*** Data excerpt ***

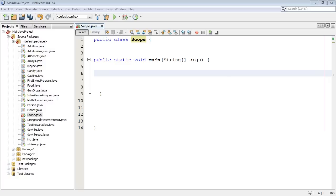Welcome to the 21st Beginning Java tutorial. Today we're going to discuss variable scope within methods. And this is a relatively easy concept to understand, so this shouldn't be a long tutorial.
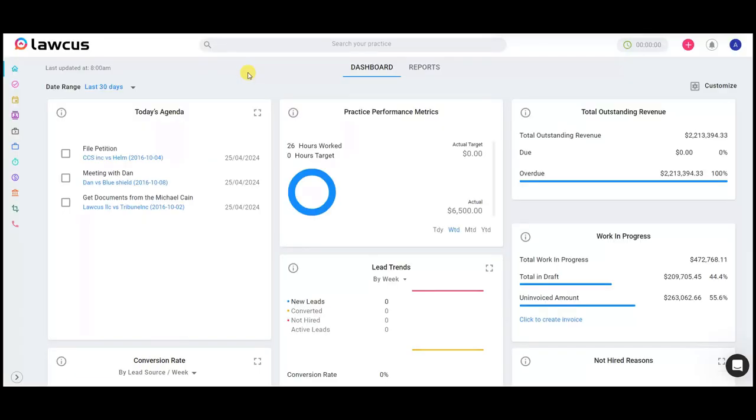At Locus, we continuously strive to furnish you with cutting-edge enhancements to elevate your experience seamlessly. Embrace the visual dynamism that enhances your efficiency in the cloud. Try Locus today. Thank you.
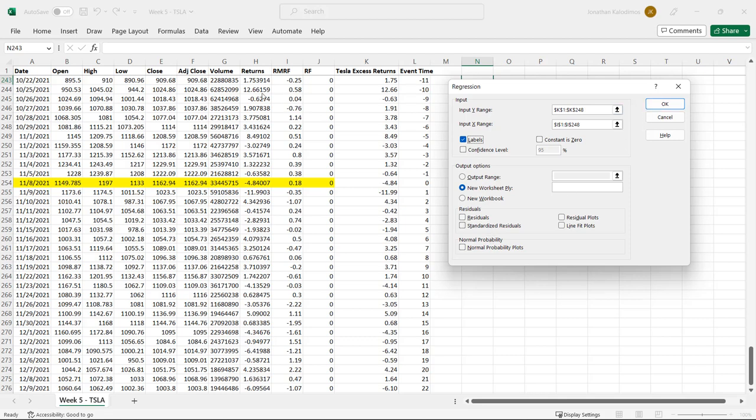One thing I do want to mention is this data over here, columns A through H, is coming from Yahoo Finance. I just downloaded their archive data. This column RMRF and RF, the risk-free rate, comes from Kenneth French's data repository and then I just merged the two data sets together.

*** End of Data excerpt ***

Skip every picture and transcribe the data above exactly.

Welcome to the 21st Beginning Java tutorial. Today we're going to discuss variable scope within methods. And this is a relatively easy concept to understand, so this shouldn't be a long tutorial.
At Locus, we continuously strive to furnish you with cutting-edge enhancements to elevate your experience seamlessly. Embrace the visual dynamism that enhances your efficiency in the cloud. Try Locus today. Thank you.
One thing I do want to mention is this data over here, columns A through H, is coming from Yahoo Finance. I just downloaded their archive data. This column RMRF and RF, the risk-free rate, comes from Kenneth French's data repository and then I just merged the two data sets together.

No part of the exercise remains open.